The question that should have been asked was ‘how would this story about the president lying to Americans in the interest of avoiding widespread panic resonate with the 48% of Americans who approved of government surveillance of personal data in the name of counter-terrorism’? With so many Americans willing to relinquish their privacy for the sake of their alleged safety, how many would accept being lied to by their government for the sake of the economy?

In my opinion, the pandemic response story that should have defined the Trump administration’s re-election year was the leak from the office of Jared Kushner, President Donald Trump’s son-in-law and special adviser with one of the influential roles in the White House. In July, Vanity Fair reported on how a comprehensive testing plan was completely scratched that would have made a consequential difference in containing the virus back in March.

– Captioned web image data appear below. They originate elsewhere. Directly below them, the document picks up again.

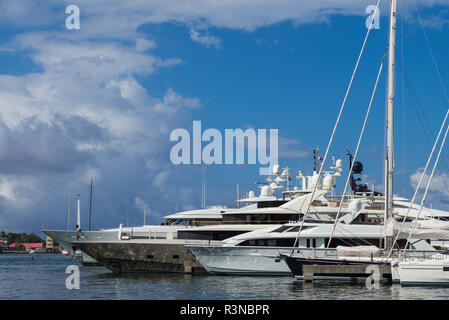 Sint Maarten. Simpson Bay Marina, Port de plaisance Banque D'Images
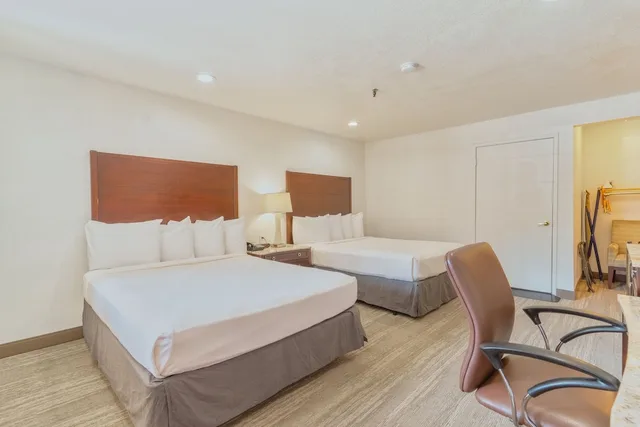 غرفة قياسية بسريرين كوين، Yosemite Inn 4/8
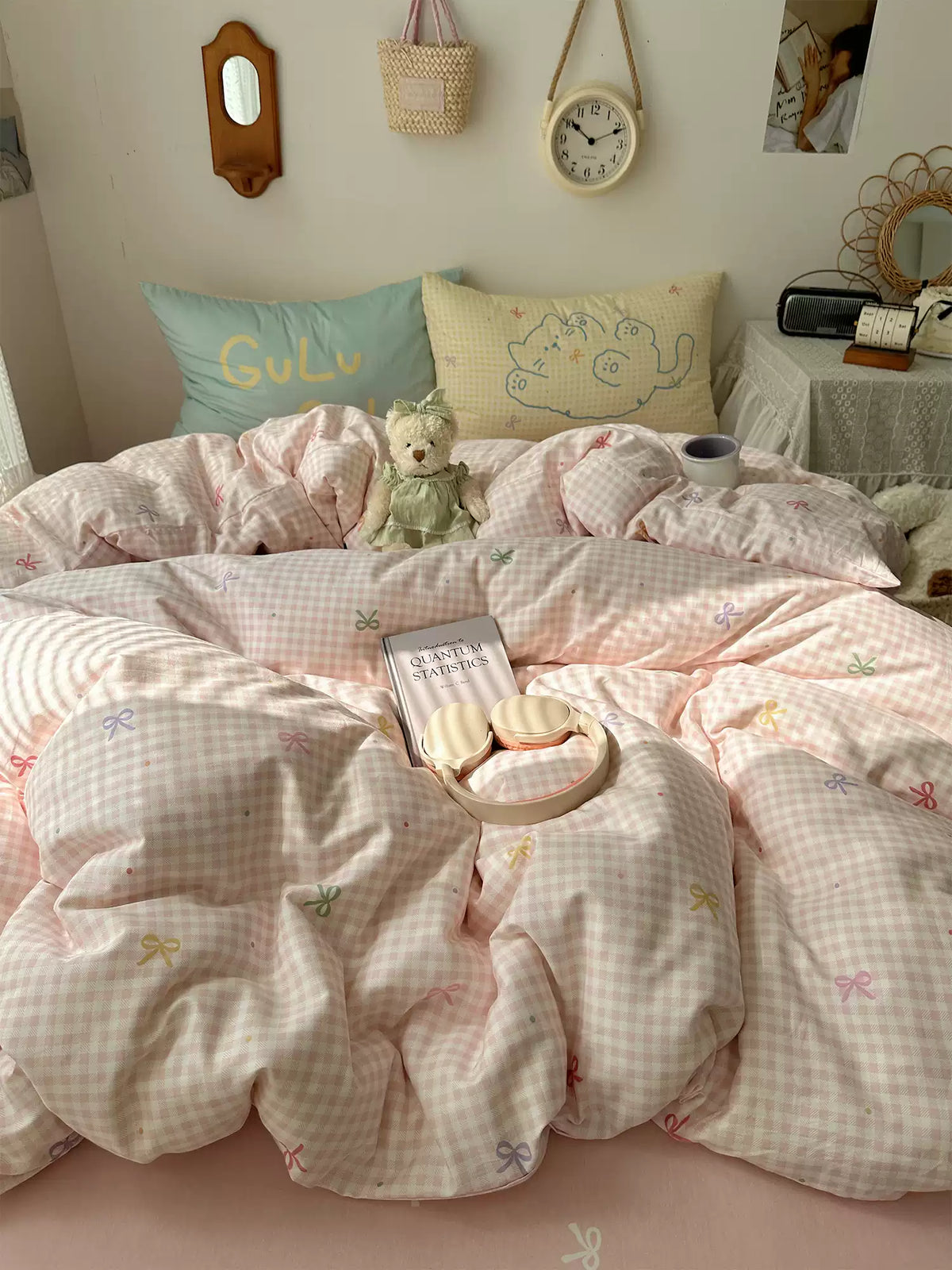 Blushbow 4-Piece Cotton Bedding Set, Gingham Check Bow-Detail Romantic Cottage Bedroom Collection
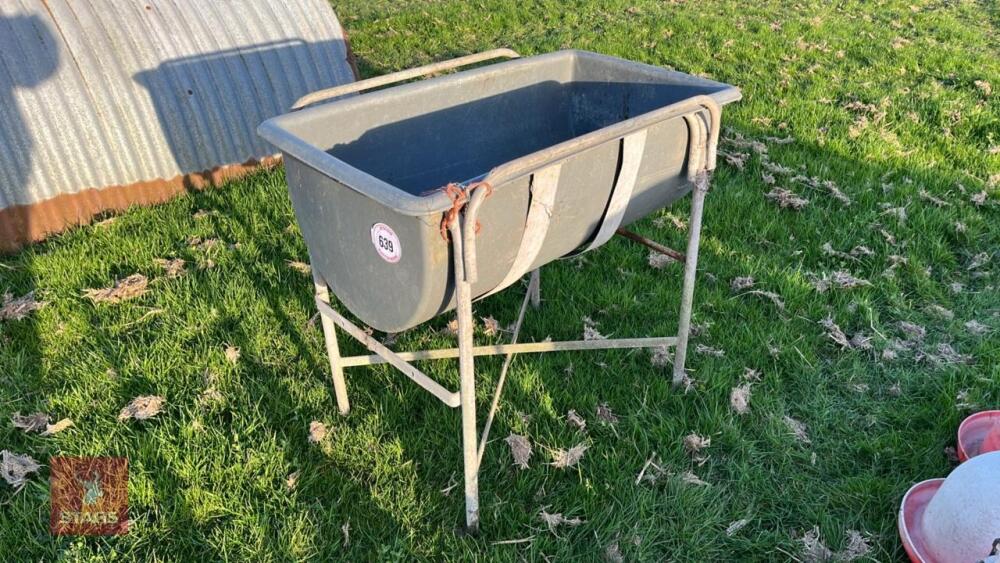 DAIRY WASH UP SINK & STAND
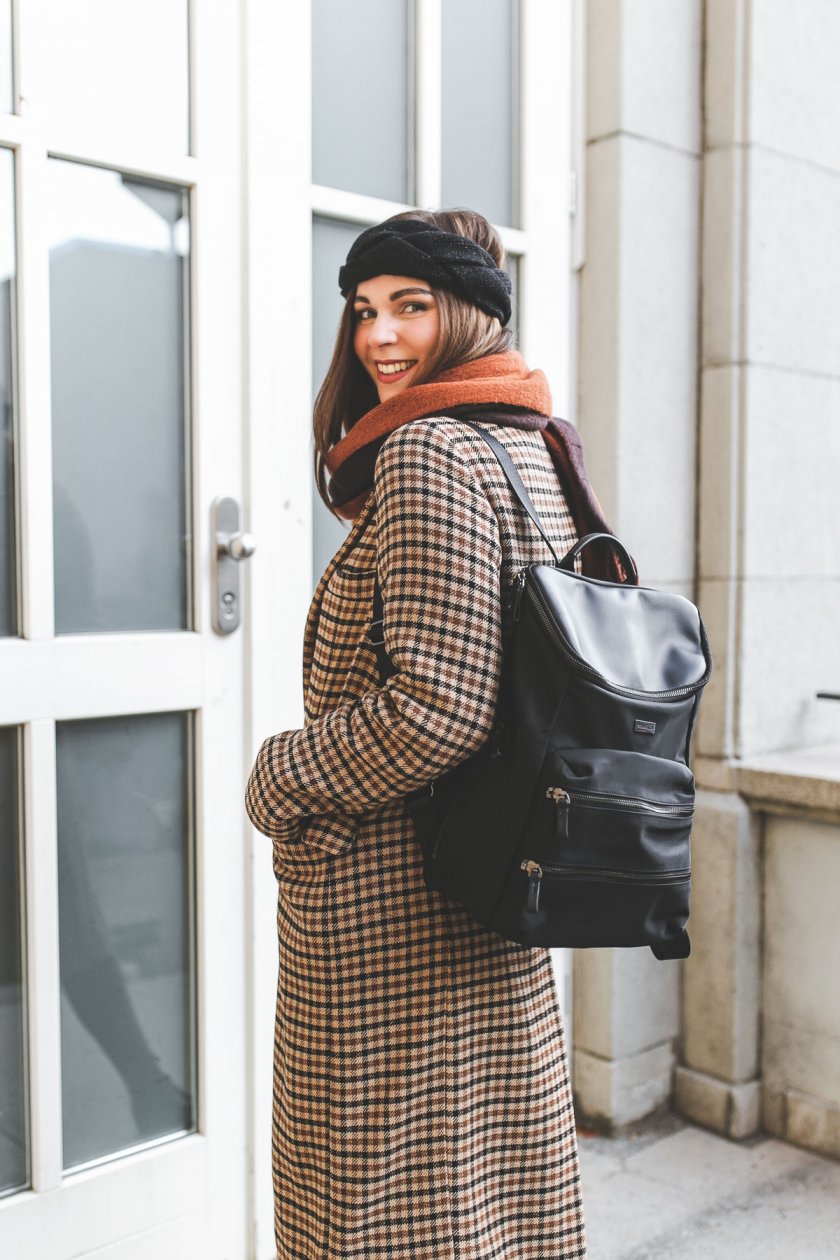 Alltagsoutfit mit Thorvald Backpack, Casual Chic, enthält Werbung, Mantel klassisch, Stirnband, Turtleneck, Rollkragenpullover, Zign Stiefelletten,Thorvald Rucksack, schwarze Hose, Karo Mantel, karierter Mantel, Modetrends Herbst Winter 2018/19, Modetrends 2018, Modetrends 18/19, Mode und Styling Tipps, Modeblogger, Modeblog, Fashion Blog, Outfit Blog, Streetstyle Blog, www.kleidermaedchen.de, #thorvald #outfit #alltagsoutfit #Mantel #Stirnband #turtleneck #karomuster #outfit #streetstyle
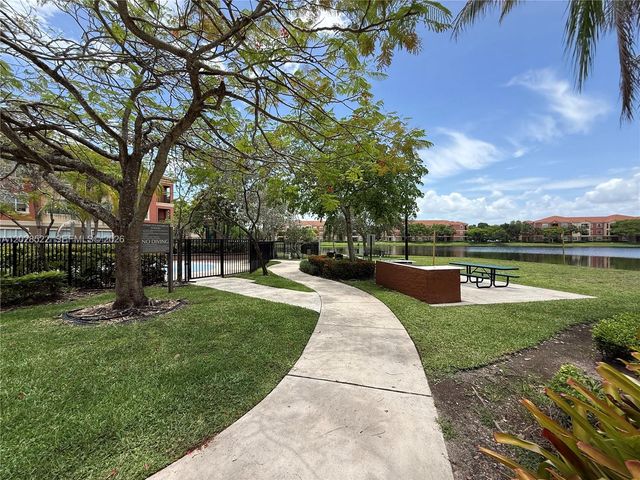 4704 SW 160th Avenue 215, Miramar, FL 33027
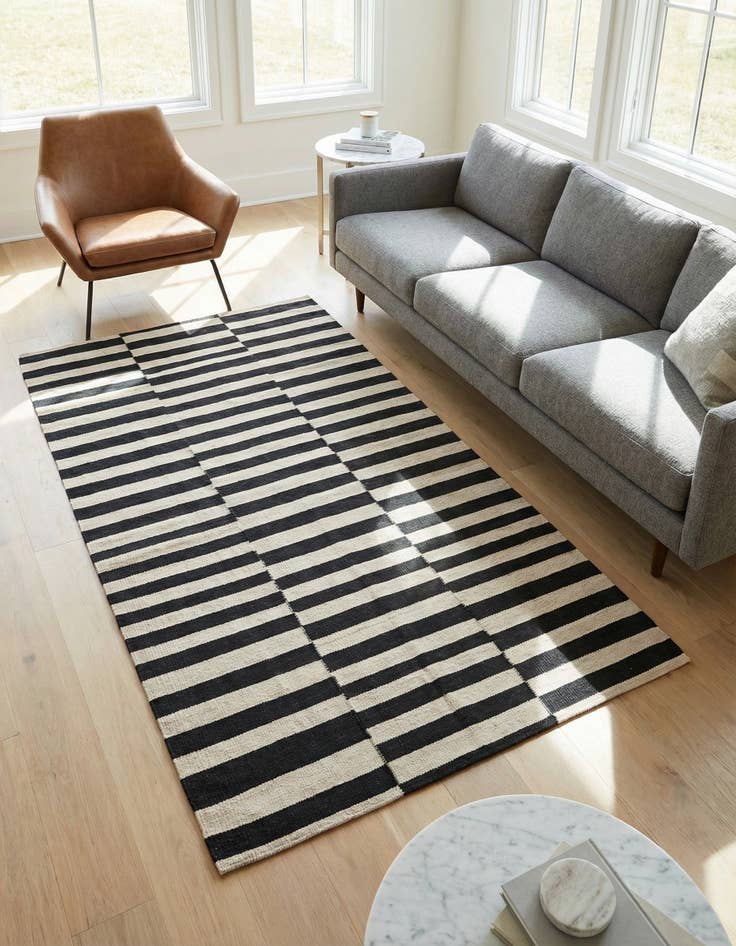 Detail image of 3' 6 x 6' 4 Hand Woven Kilim Modern Wool Rug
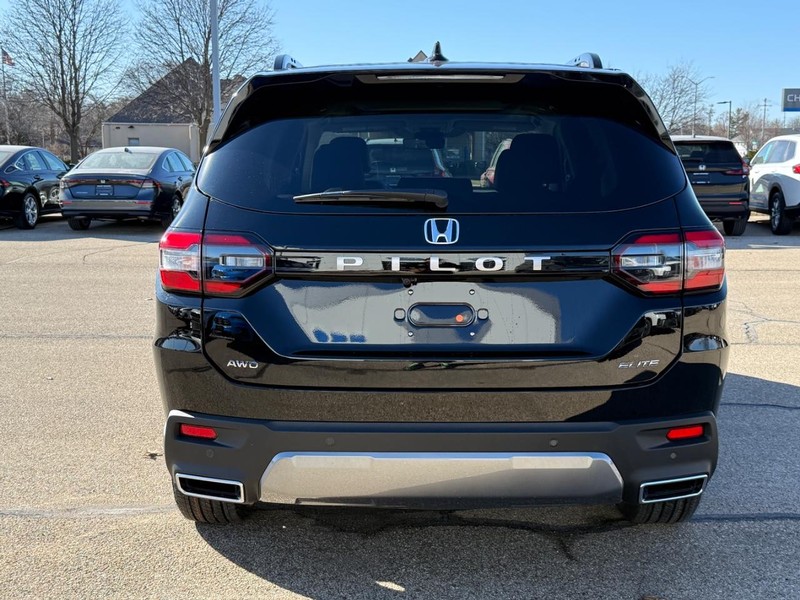 Honda Pilot Vehicle Image 4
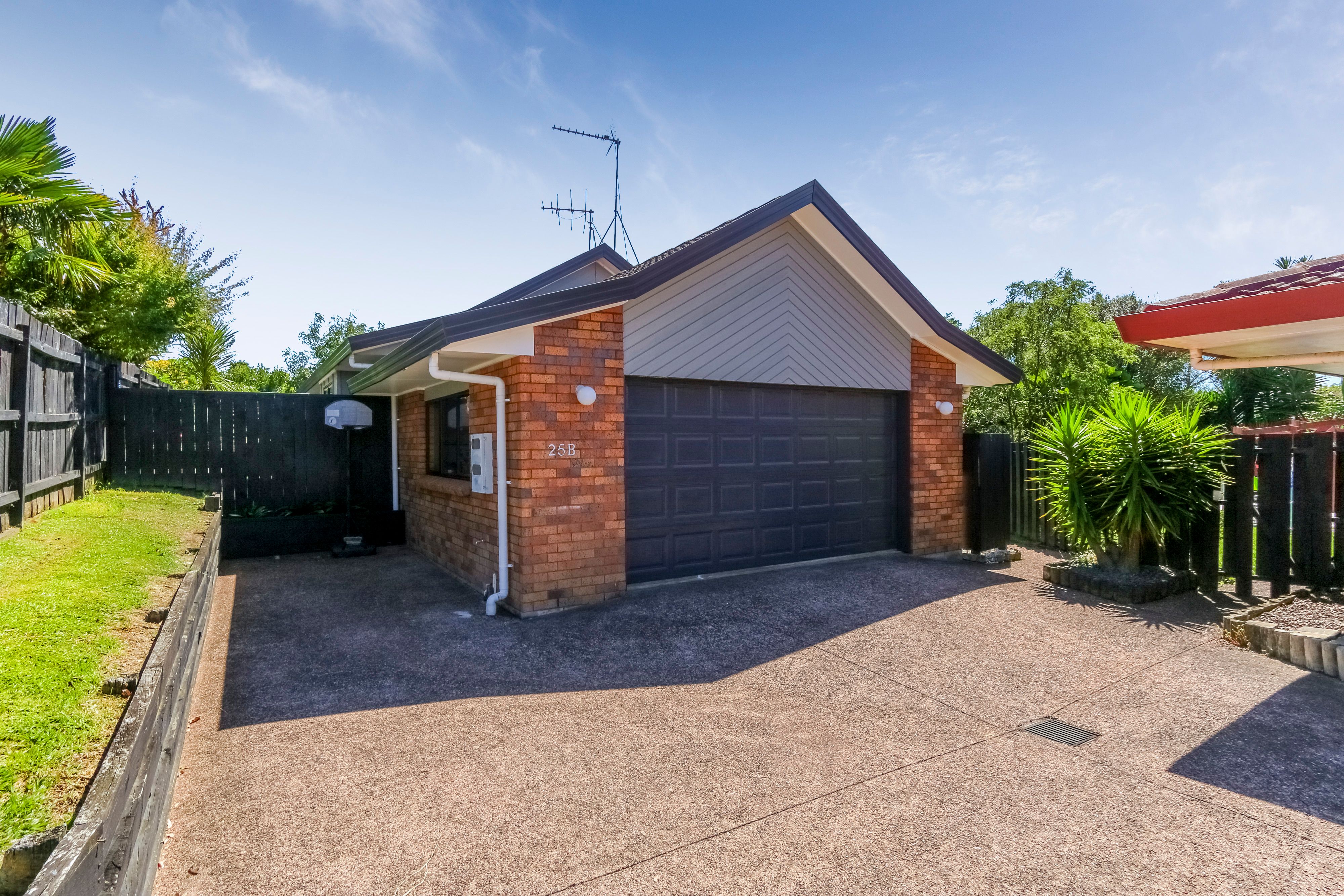 25b Booralee Avenue, Botany Downs, Manukau City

Many health experts have cited the lack of mass testing as the primary factor in the virus’ rapid spread in the US. What’s worse is that it was likely abandoned because members of Kushner’s Coronavirus task force believed the virus would hit blue states the hardest and that allowing cases and deaths to rise would be politically advantageous for the GOP. A public-health expert in regular contact with the task force told Vanity Fair that “the political folks” thought a nationwide response was a bad political move. Sadly, this story was overshadowed by the many successive scandals, but it demonstrates a clear and discernible disregard for human life and cruelty by this administration.

You could argue that the fact that Donald Trump himself isn’t directly involved weakens the story, but there have been countless politicians taken down by choices made within their administration. Look at Watergate. The point is Trump appointed his son-in-law who acted solely in the interest of maintaining their family’s political power. More importantly, it accurately and concisely encapsulates the selfish, cold-blooded approach taken by this administration in the face of the most deadly pandemic in modern history.